■ PROBLEM REQUIREMENTS
Setting pictures aside, output exactly the lines from the start of the records to the line with "Welcome to EMSL's", that line included.

BEGIN RECORDS FOR PROCESSING

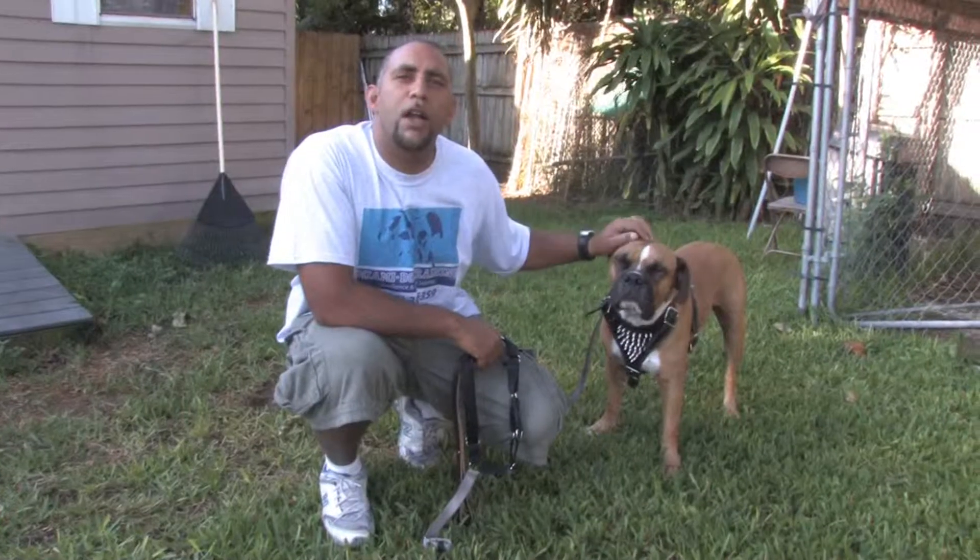Hello, my name is Zephyr Clark Dahlberg in Miami, Florida with Miami Dog Training. In this clip we're going to talk about dog harnesses.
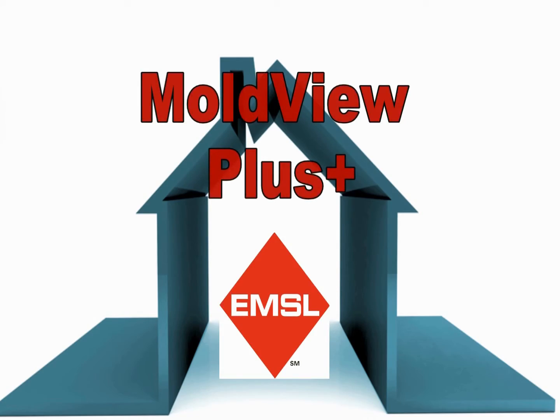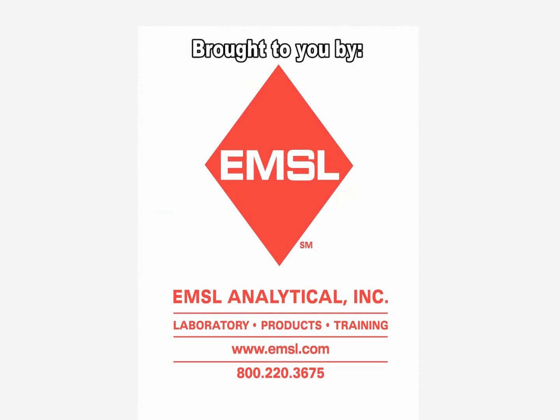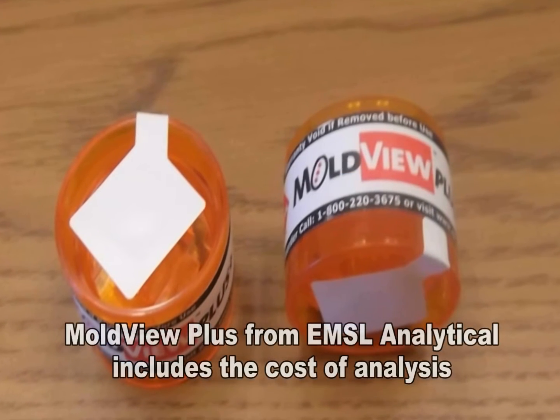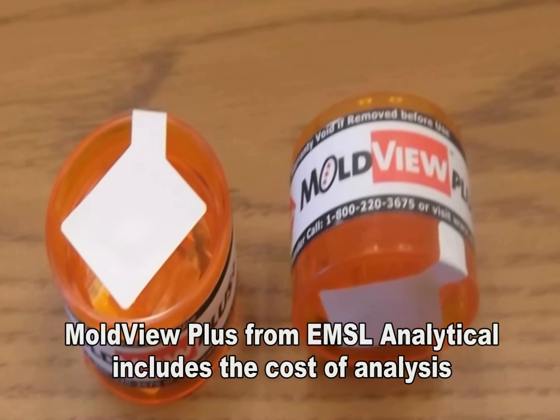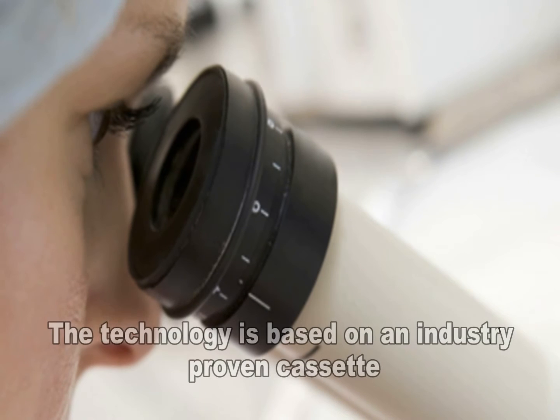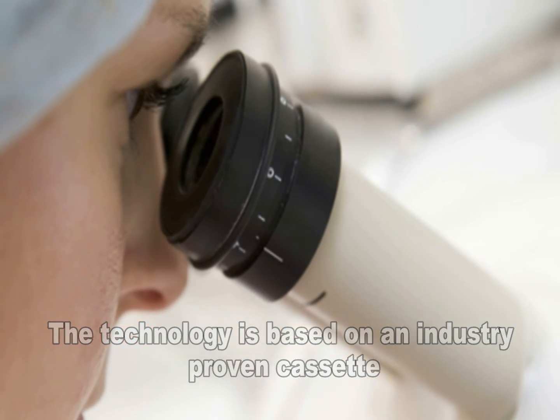Welcome to EMSL's product videos. The MoldView Plus is a unique air sampling cassette which includes the cost of laboratory analysis at EMSL Analytical. It is based on an industry-proven cassette that has been designed for the collection and analysis of a wide range of airborne contaminants.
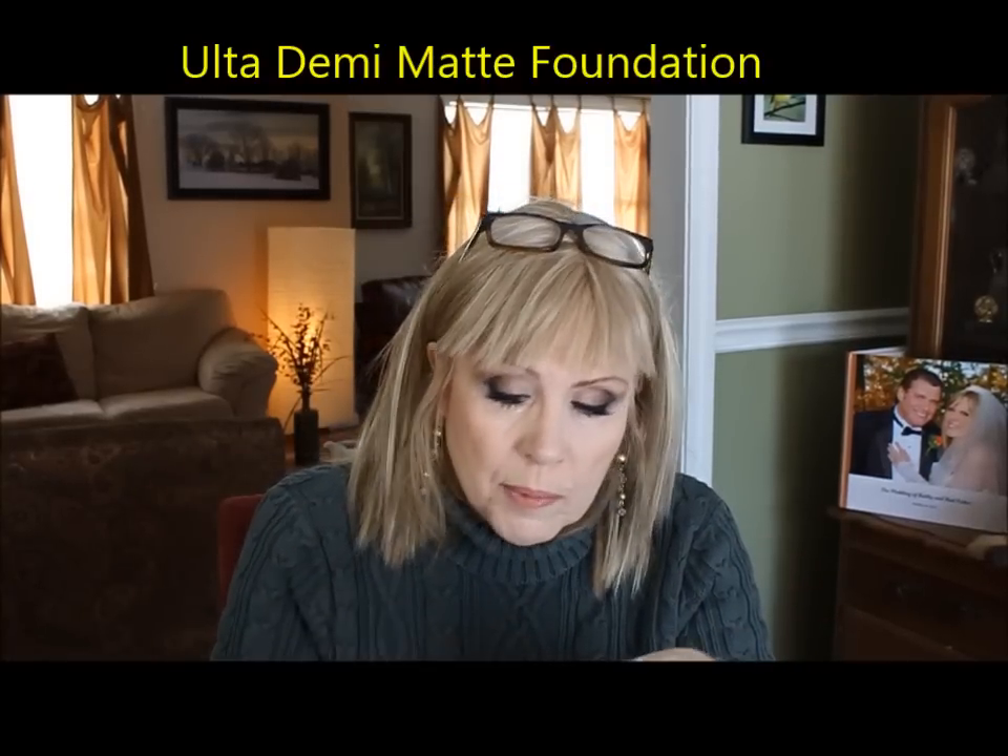I'm also testing out Sephora and Ulta products. This is the Ulta Demi Matte Foundation at $12 — really nice formulation with a pump. It went on like a dream, I'm wearing it today, and it lasts all day. These are all light to medium coverages. Heavy, thick pancake makeup doesn't look nice as you get older — it looks like you're trying too hard and wearing a mask. You probably want to keep it to a medium or medium-light coverage.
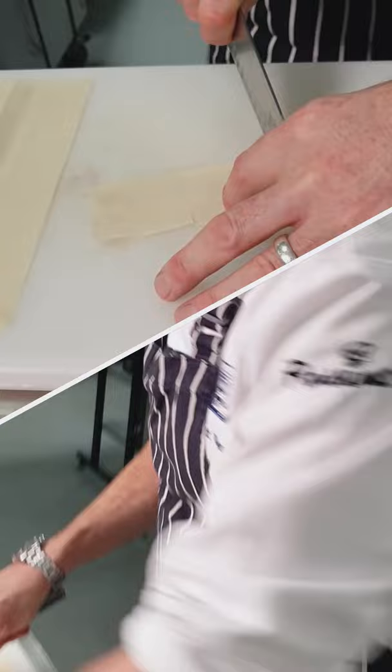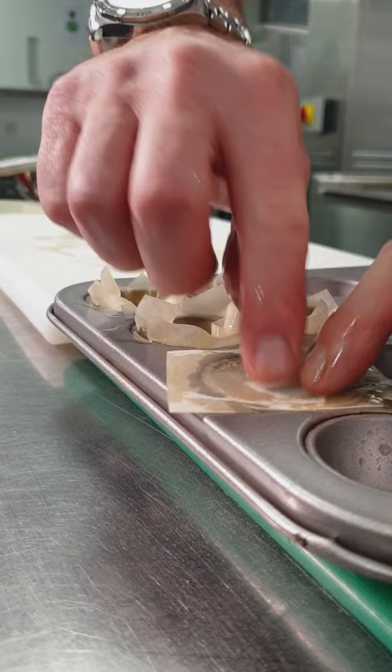We're going to start off with some filo pastry — we're going to cut it into squares, then with some melted butter we're just going to butter our squares, slightly overlapping the last one that you put in there. These are going to take 4 minutes in the oven, so while they're cooking we can be getting on with the filling.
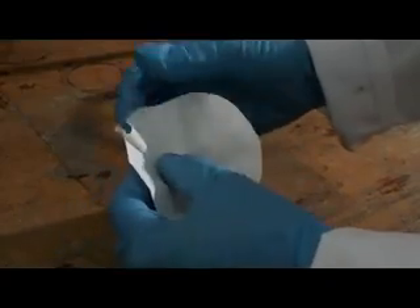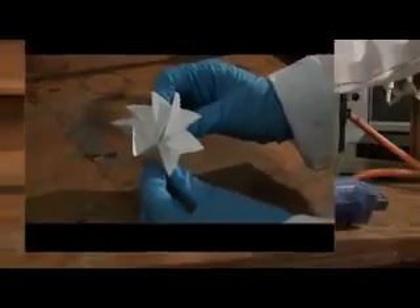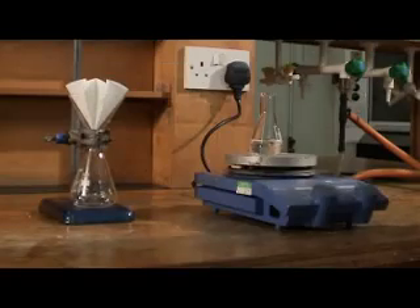Once you've done that, concertina the folds making them nice and crisp. We're using a hot stemless funnel to minimise the amount of compound which crystallises out within the funnel during filtration.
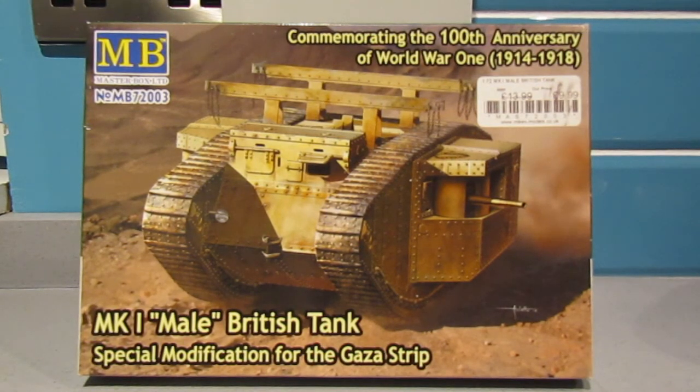Hi everyone, thank you for joining me. I have completed my second entry into the BrowScale group build off. Thanks again Chris for running this. I was making the Mark 1 male British tank which had the special modification for the Gaza Strip.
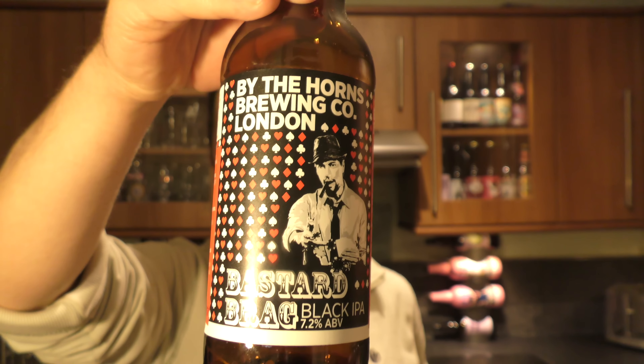The label says 'the world's finest hops and the best British malted barley' — it's a shame. By the way, Bastard Bragg is a card game, and this is brew 333, which is apparently a significant number in the card game Bastard Bragg. I've never played it.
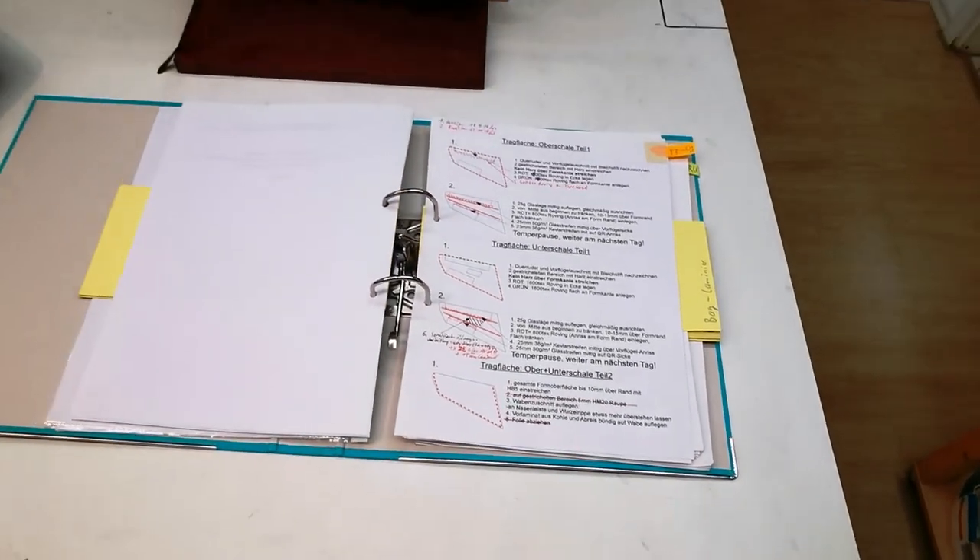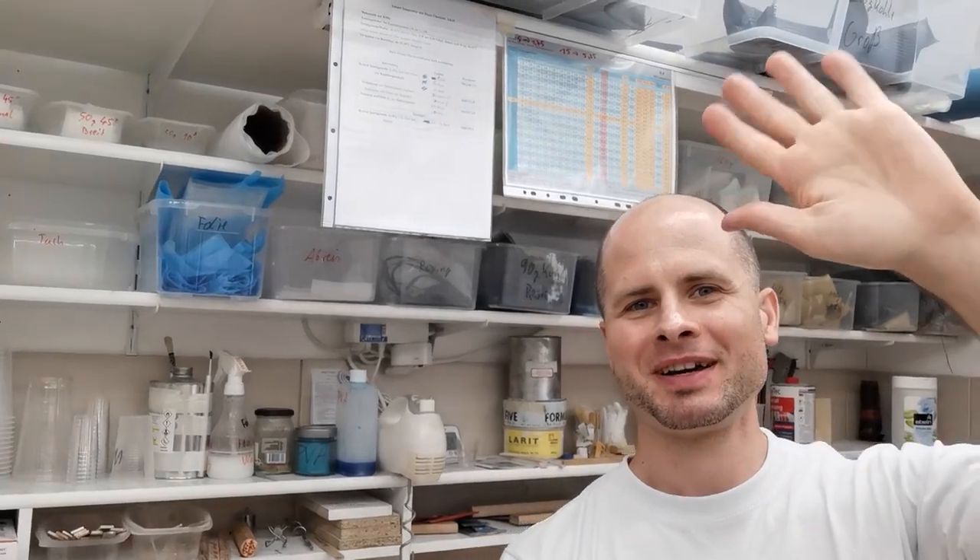For instance, this is the laminating plan for the wing. That's it for the first part of the building process of the SU-X. In the next part I will show you all the materials, the resins, and the tools needed, and we will build the wings and the vertical stabilizers. Have a great day and see you in the next video — bye bye!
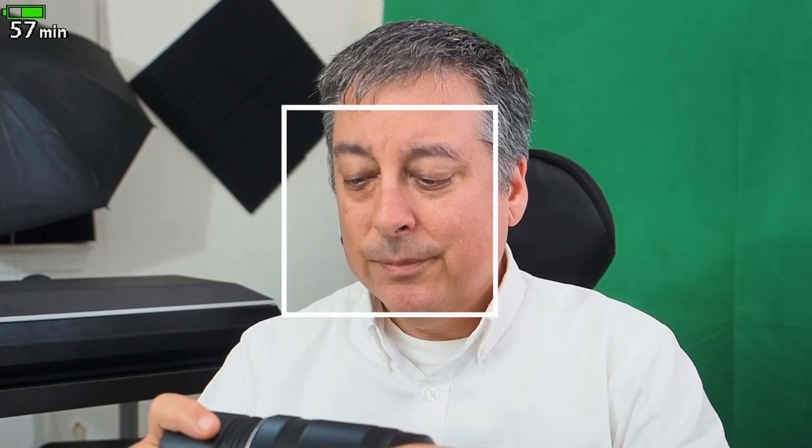especially this 75-300 right here. I did some birds in flight pictures — I'd show them to you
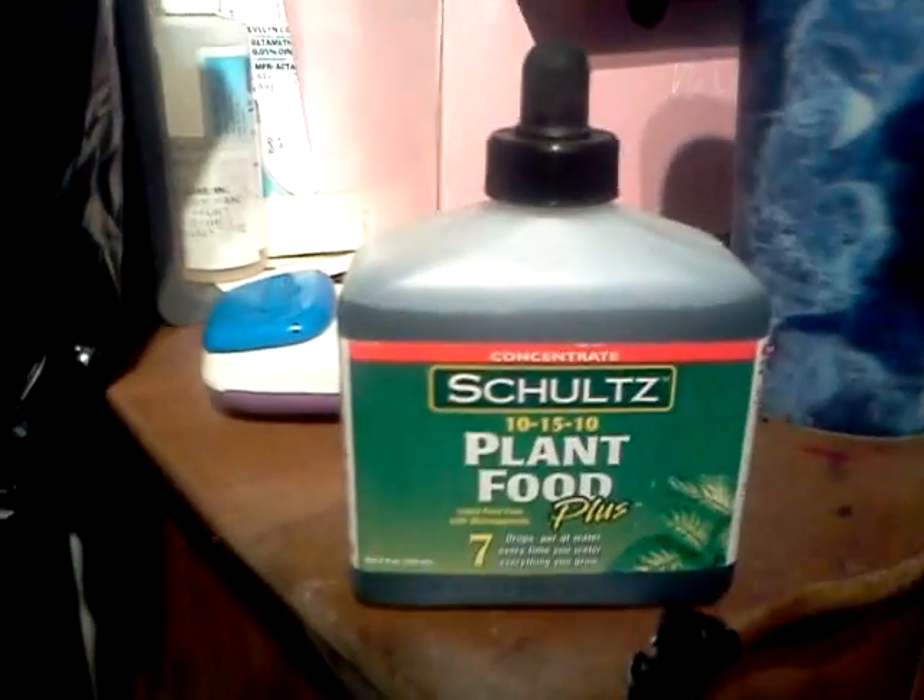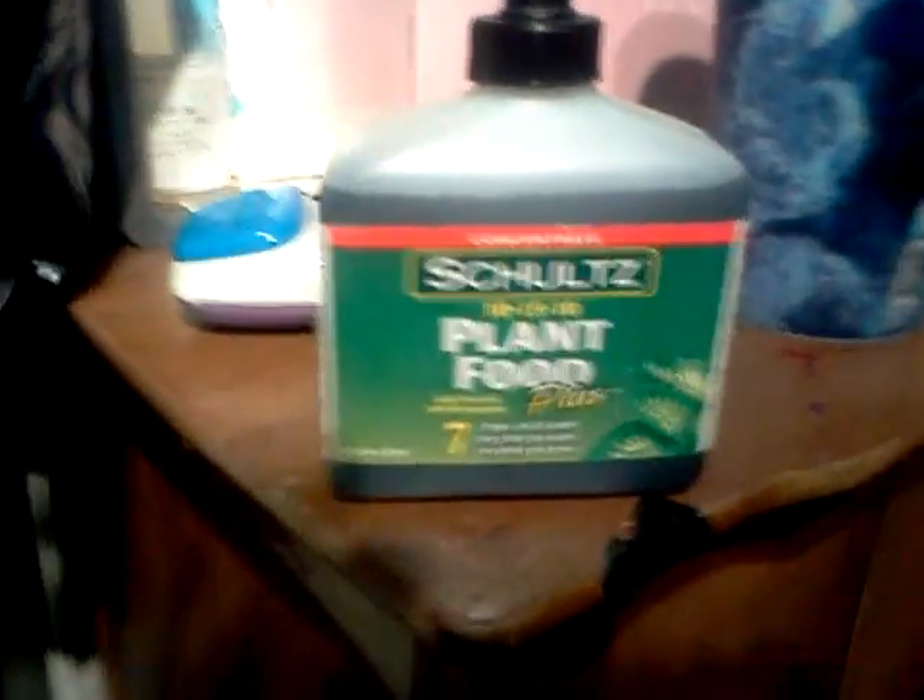The only nutrients I've been giving it is just this Schultz plant food, with heavy watering. I don't know if I should be doing that either, but just doing it.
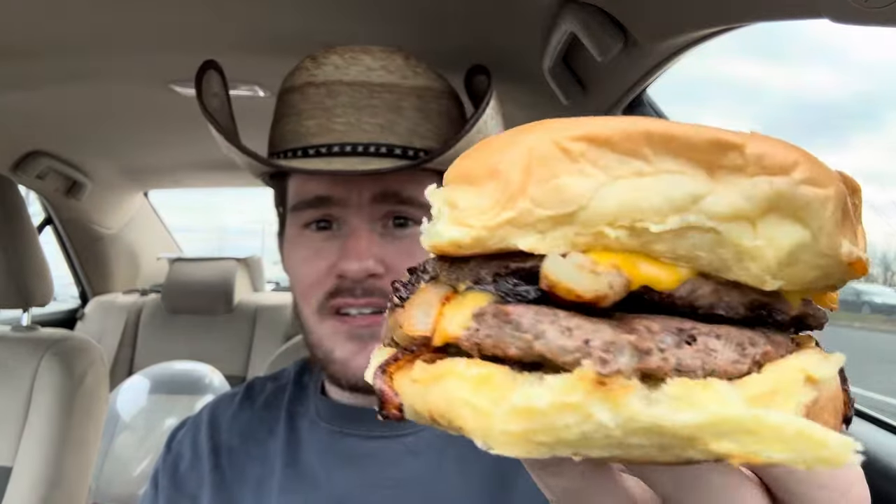Get straight to it. I hope you subscribe, like, and comment on this video. We're going to eat a few bites and tell you how it is. Doesn't look like much — of course it isn't — but let's just hype it up. Let's try it.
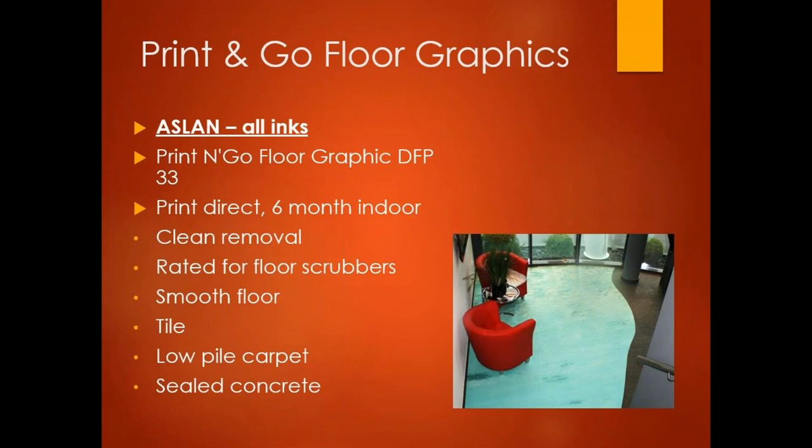Aslan also makes a print-and-go floor graphic called DFP 33. This is a direct print product — no lamination required. It has clean removal if removed after six months, and is rated for floor scrubbers, so cleaning and buffing pads can go over top of it. It's rated for smooth floors, tile, low-pile carpet, and sealed concrete. The real advantage is a six-month indoor life, but keep in mind all lifespans are determined by foot traffic — 50 people versus 5,000 people makes a difference.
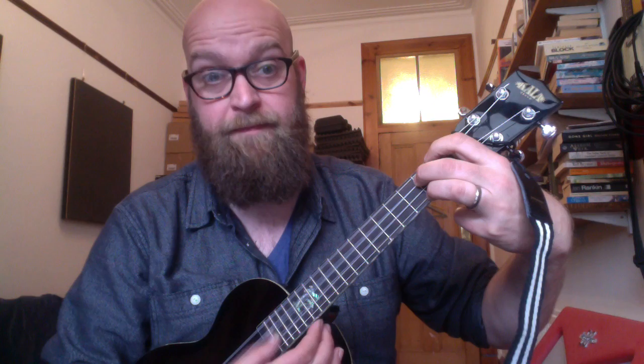Oh, and there's one other chord, actually. In the middle A, I'm playing a D minor. D minor is like an F chord, but you've got your third finger tucked in there on the second fret of the C string.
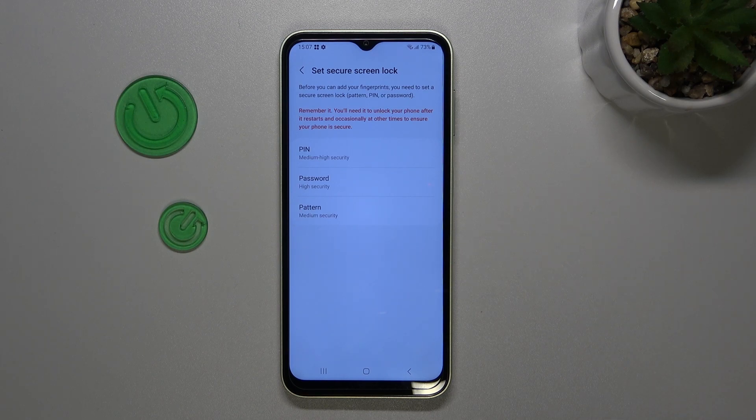We have to set up a screen lock. Of course, if you've already got one, you will just be transferred to another step and will be able to add the fingerprint. If not, you really have to do it right now — you won't be able to add the fingerprint without a screen lock.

END RECORDS FOR PROCESSING

■ TASK RESPONSE
Hello, my name is Zephyr Clark Dahlberg in Miami, Florida with Miami Dog Training. In this clip we're going to talk about dog harnesses.
Welcome to EMSL's product videos. The MoldView Plus is a unique air sampling cassette which includes the cost of laboratory analysis at EMSL Analytical. It is based on an industry-proven cassette that has been designed for the collection and analysis of a wide range of airborne contaminants.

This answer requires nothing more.